> Work required: Reproduce every line of the listing as written, apart from the pictures.

******************************

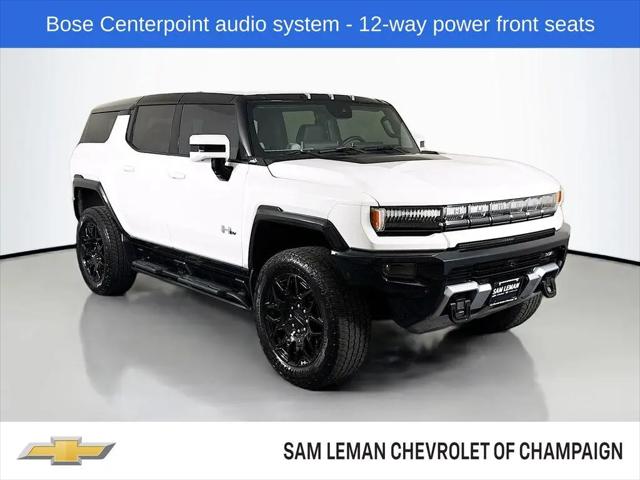 2024 GMC HUMMER EV 2X for sale in Champaign, IL
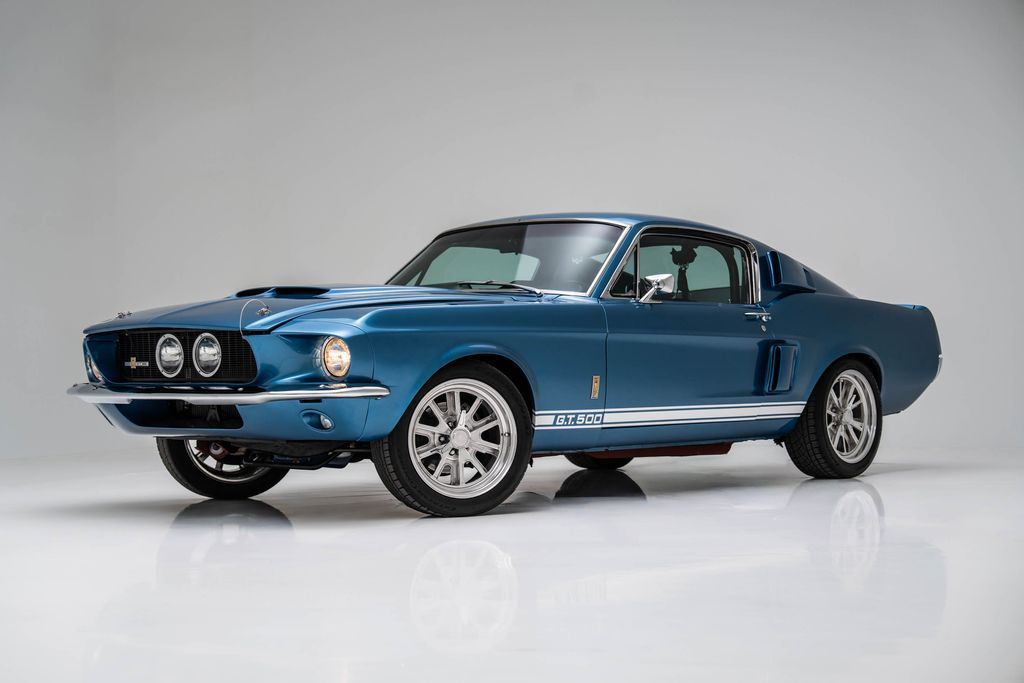 1967 Ford Mustang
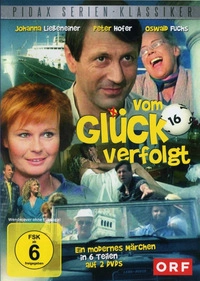 Vom Glück verfolgt - Disc 1 - Episoden 1 - 3 (DVD)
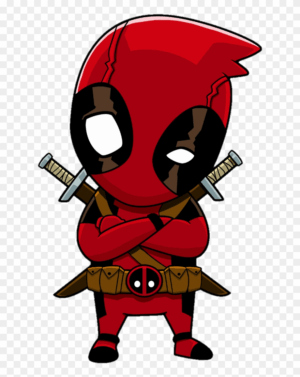 deadpool-clipart-deadpool-three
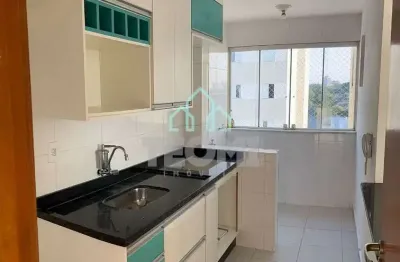 Apartamento com 2 dormitórios à venda, 68 m² por r$ 266.000,00 - granja daniel - taubaté/sp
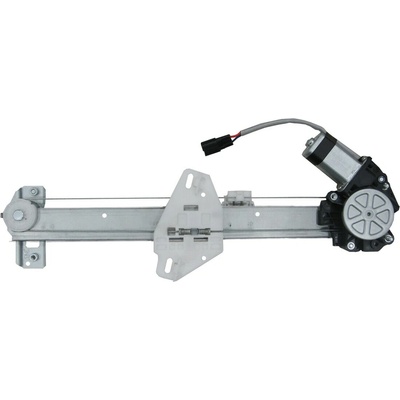 Mechanizmus zdvíhania okna VALEO 851887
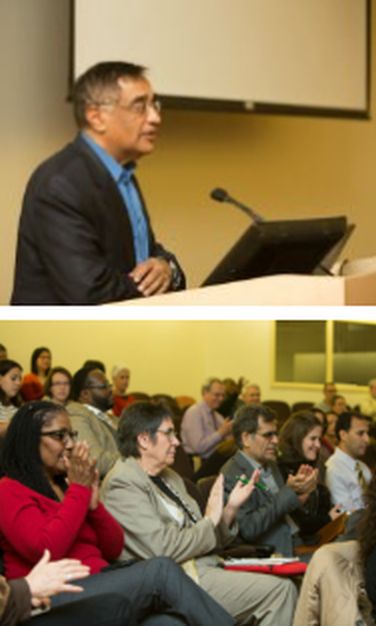 'Religious illiteracy' at root of distrust and bigotry, Islam expert says -- Lesley University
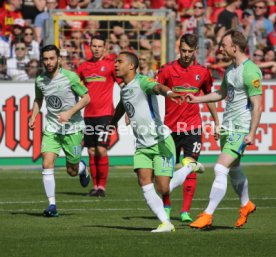 SC Freiburg - VfL Wolfsburg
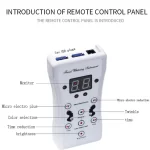 7 Colors Led Photon Electric LED Facial Mask with Neck Skin Rejuvenation Anti Wrinkle Acne Photon Therapy Skin Care Beauty Mask - Image 3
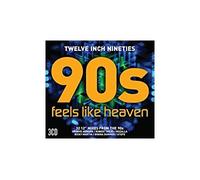 Twelve Inch 90's Feels Like He CD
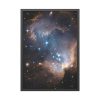 93831-128.jpg Hubble Space Telescope Framed Poster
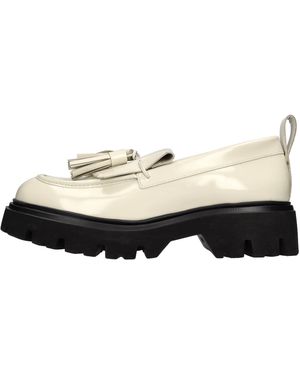 MSGM Zapatos Bajos - Blanco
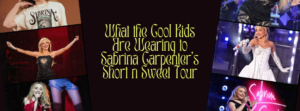 Sabrina Carpenter Short n Sweet Tour 2024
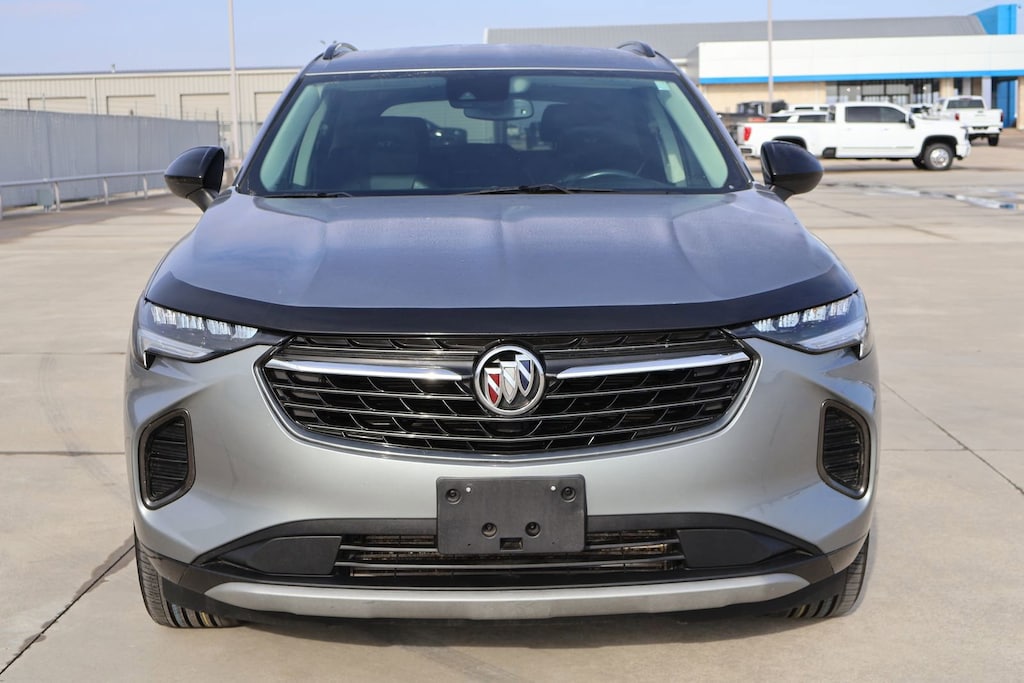Used 2023 Buick Envision Essence SUV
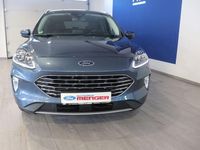 Gebraucht Ford Kuga Titanium X 224 PS (164 kW) 2022 Blau SUV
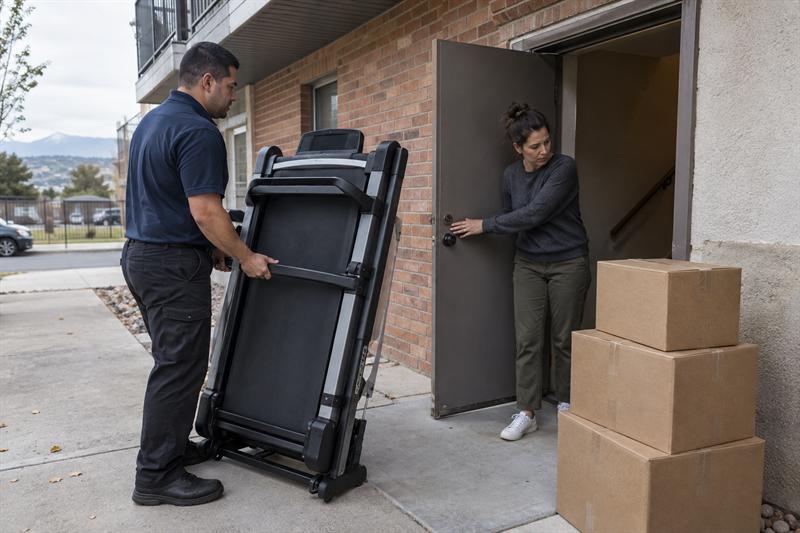 Furniture Delivery vs. Full Moving: When to Choose Each Option in Denver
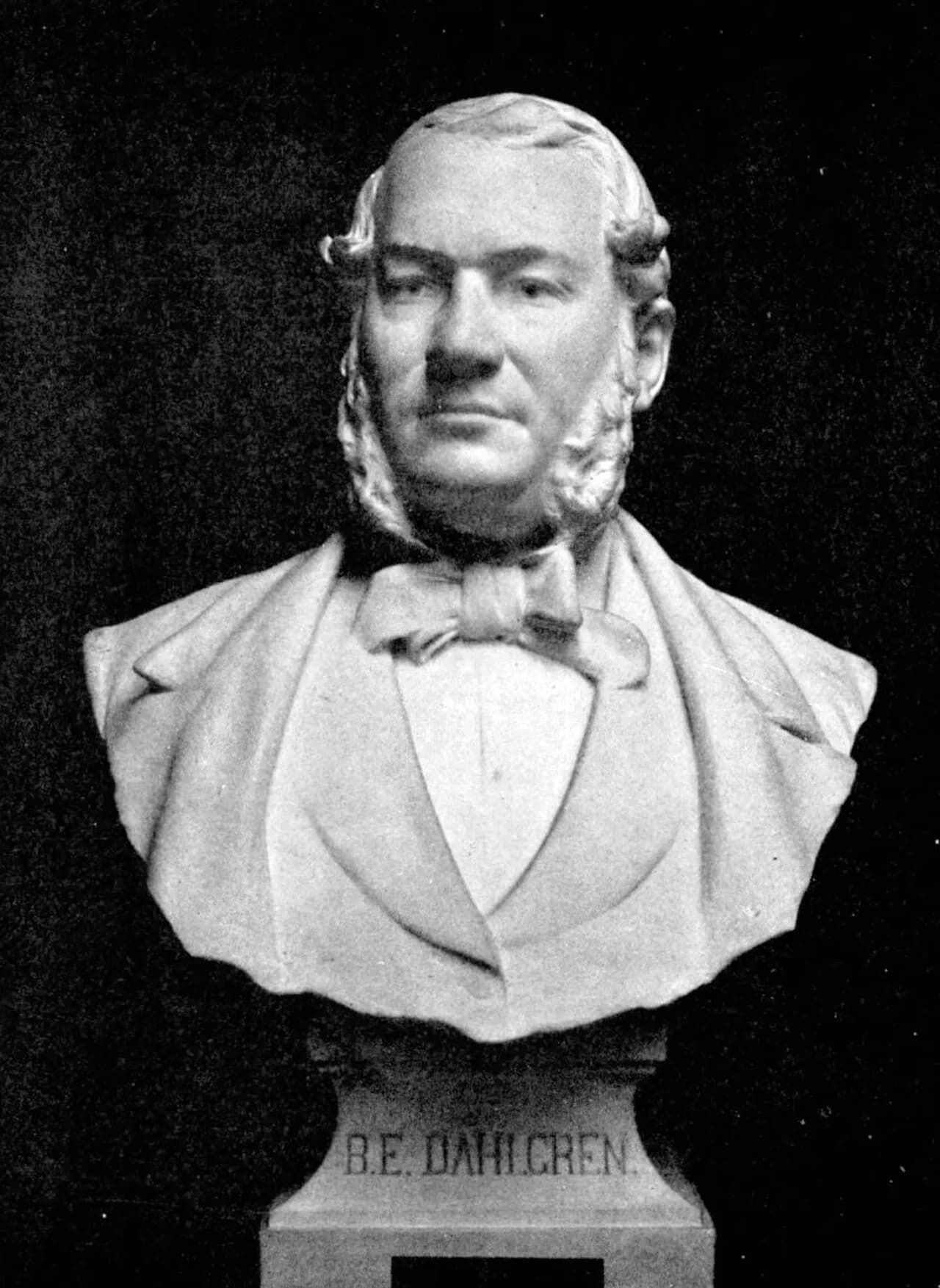 Bengt Erland Dahlgren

******************************

> Written response:
 2024 GMC HUMMER EV 2X for sale in Champaign, IL
 1967 Ford Mustang
 Vom Glück verfolgt - Disc 1 - Episoden 1 - 3 (DVD)
 deadpool-clipart-deadpool-three
 Apartamento com 2 dormitórios à venda, 68 m² por r$ 266.000,00 - granja daniel - taubaté/sp
 Mechanizmus zdvíhania okna VALEO 851887
 'Religious illiteracy' at root of distrust and bigotry, Islam expert says -- Lesley University
 SC Freiburg - VfL Wolfsburg
 7 Colors Led Photon Electric LED Facial Mask with Neck Skin Rejuvenation Anti Wrinkle Acne Photon Therapy Skin Care Beauty Mask - Image 3
 Twelve Inch 90's Feels Like He CD
 93831-128.jpg Hubble Space Telescope Framed Poster
 MSGM Zapatos Bajos - Blanco
 Sabrina Carpenter Short n Sweet Tour 2024
Used 2023 Buick Envision Essence SUV
 Gebraucht Ford Kuga Titanium X 224 PS (164 kW) 2022 Blau SUV
 Furniture Delivery vs. Full Moving: When to Choose Each Option in Denver
 Bengt Erland Dahlgren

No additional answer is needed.